When it comes to mechanical ventilation of dairy shelters, such as tunnel ventilation of a tie stall, the large exhaust fans in the end provide a high air exchange for the shelter. However, it has been observed that sometimes the air speed at and between cows is lower than desired. Several farms have seen increased performance of tunnel ventilation systems with the addition of circulation fans placed directly above the cow stalls in addition to the tunnel ventilation system. The circulation fans help boost the air speed around and between cows.
The final component of heat abatement is the addition of water for evaporative cooling. Before thinking of adding water, first make sure air exchange of the shelter has been maximized. If the added moisture is not removed from the shelter with air exchange, conditions within the shelter may become worse rather than better. The question is often whether to use soakers (direct evaporative cooling) or misters (indirect evaporative cooling). The answer really is they both work, but it depends on your housing system and goals.

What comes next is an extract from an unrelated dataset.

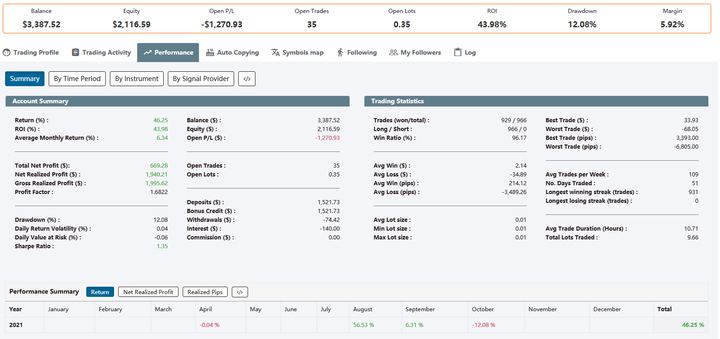 A股开盘速递 | 创业板指上涨0.51% 光伏板块表现强劲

Indirect cooling lowers the ambient temperature of the air circulating within the shelter by raising the humidity. This cooler air is then used to enhance convective cooling of the animals. Direct evaporative cooling wets the skin of the animals and then, by this water evaporating from the skin, cools the animal directly. Direct evaporative cooling systems tend to use more total water and any water not directly put on a cow, but rather the floor, will add to the volume of material entering the manure system. Likewise, the ability of an indirect system to cool ambient air can be limited on humid days. The best evaporative cooling may be the use of both direct and indirect evaporative cooling together on the dairy. For example, use soakers in the holding area as cows wait to enter the parlor during milking, place indirect misters within the shelter for milder periods of heat stress, and add fence-line soakers for shorter periods of high heat stress. This may seem extreme, but with the use of good controls the whole system can be integrated and automated.
As we strive for maximum per cow performance and production, cow comfort needs to be maximized at all times of the year, and cows just aren’t naturally built for summer heat. So, it’s never too early to think about heat abatement. Get ready for summer heat before it gets here, because we know it is coming.